Richard gave a quick nod of affirmation, but Aaron said, “Hear what?”    

“Jeshuaaa.....?”

“Dude! You could see those ghosts, but you can’t hear that?”

“I didn’t really see them so much as
feel
them,” he explained.

“Let’s keep going,” his father said, “Maybe his voice will lead us to him.”

We proceeded into the factory, past conveyor belts, large mixing vats and all other kinds of heavy machinery whose uses I couldn’t possibly fathom. What little moonlight was available to us was trickling in through the high windows that lined the upper half of the building. Richard’s heavy flashlight searched the premises like a helicopter searchlight. He had one of those large box-shaped lights with a handle, the kind that looked solid enough to kill somebody with, if you clonked them on the head hard enough.

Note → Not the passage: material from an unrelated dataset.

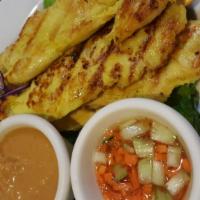 2. 4 Piece Satay Chicken · Marinated in coconut cream with herbs and spices grilled served with peanut sauce and cucumb...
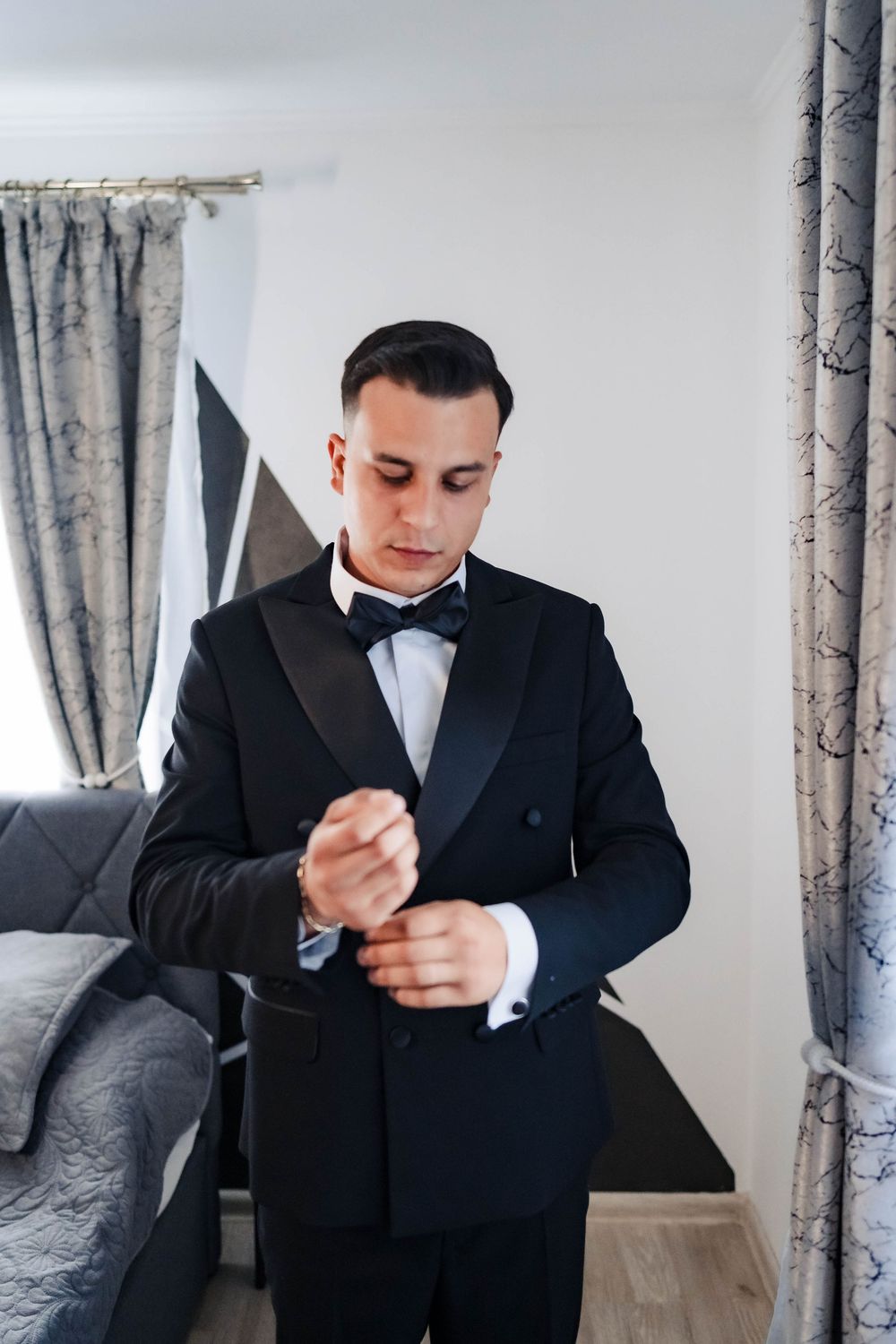 A person in a black tuxedo making final preparations while standing in an elegantly decorated room.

That thought reminded me of something. I’d once said that exact same thing about the large crucifix Desiree had given me. I felt the left side of my jacket, searching for the inside pocket. Yep, still there.

An ocean of dust particles flew through the yellow beam of Richard’s flashlight as we walked further along. The factory was so quiet I could hear my heart beating. I listened as its pace quickened.

bzzzzzzzzzzzzzzzZZZZZZZZZ

“He’s close now,” I whispered.

Aaron and his father only responded by raising their guns a little higher. We walked a ways further and Richard’s light fell upon a figure dressed in black, leaning against a wall with his arms crossed. A gleeful smile put his perfect white teeth on display.

“Where’s Tessa?” my two companions asked in near perfect unison.

“A safe place I promise you, gentlemen. But before I deliver the goods, there is something I require. This will only take a moment.”

I felt him in my head, scanning me. But this was more intrusive, more brutal. Instead of gently skimming over the book as I usually did, he was tearing and dog-earing the pages and breaking the spine. He was delving into corners of my conscious and subconscious he had no business visiting.

I fought back the only way I knew how.

“Oowup,” he mumbled, choking in surprise as he took a step back. He waved a hand in front of his face as though trying to ward off a fat mosquito.

“That’s a little trick Dez taught me.”

“Doesn’t matter,” he said casually as he pinched the bridge of his nose and blinked his eyes, “I still obtained all the information I need. You have no intention of going through with the ritual. I thought as much. You
do
know that because of this the three of you have come here in vain? Tessa shall not be freed and the three of you will now die.”

“Try whatever shit you want, Louis,” Richard said, voice raised, “But I don’t care how fast you think you are. One of us is gonna nail you first. It’s three against one and if it takes us a week to find Tessa in this place without your help, we’ll do it.”

Godwin laughed, “You’re so sure I brought her with me?”

“In the off-chance Jeshua accepted your proposal, yes,” Aaron said evenly.

“Ah, Aaron, I’d forgotten how melodic your voice was. It’s good to hear it again after so many—“

The blast of Agent Collins’ shotgun tore through the frigid silence of the factory.

“No!” Aaron cried.

“’Nuff of this shit!” Richard shouted, “Wh—Where is he?”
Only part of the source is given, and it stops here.